Daily Limerick Archives: September 2000
Contains Mature (and immature) Content;If You’re a Minor, Go Away!
NOTE: DL has not yet taken the time to put "anchors" into the archives. Translation: You're gonna have to scroll all the way through the long-ass documents (use your "find" commands, squatlicks)!
Here’s a sample of the Daily Limerick FREE e-mail service! (Now in it’s second year of “service”!) You’ll find a sample limerick below!
So you’ve spotted that guy or gal that’s causing a dance in your pants—but what, oh what can you possibly say to pick him or her up? “You’ve got more legs than a bucket of chicken” is nice, but it takes a special kind of person to appreciate it, mainly people who don’t know English too well. Perhaps you should throw out a LIMERICK! For limericks truly sooth the soul and part the thighs.
Well, perhaps not. But in any event you can simply reply to this e-mail and get a free limerick—every day! No, you haven’t died and went to heaven! And, no, you haven’t died and went to hell either!

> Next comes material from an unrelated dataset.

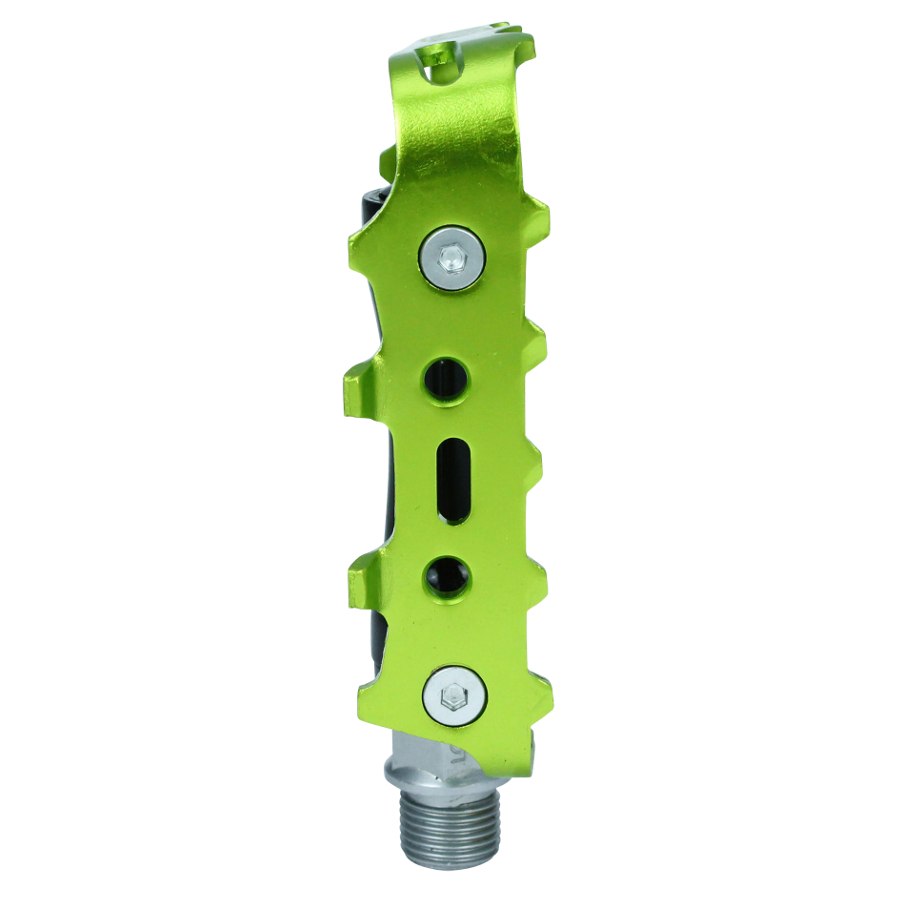 NC-17 Trekking Pro Pedal - black-green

Should you not desire a succulent limerick delivered to your e-mail box rain or shine (occasionally late, but much more reliable than the Post Office, although that’s not saying much) you can simply DO NOTHING. That’s right—unless you reply and simply as for it, you won’t receive more limericks! (Although the DAILY LIMERICK is organized a bit like the Post Office, so you may accidentally receive more than one of these sample queries.)
Sign-up today! Be the first on your block to have the DAILY LIMERICK!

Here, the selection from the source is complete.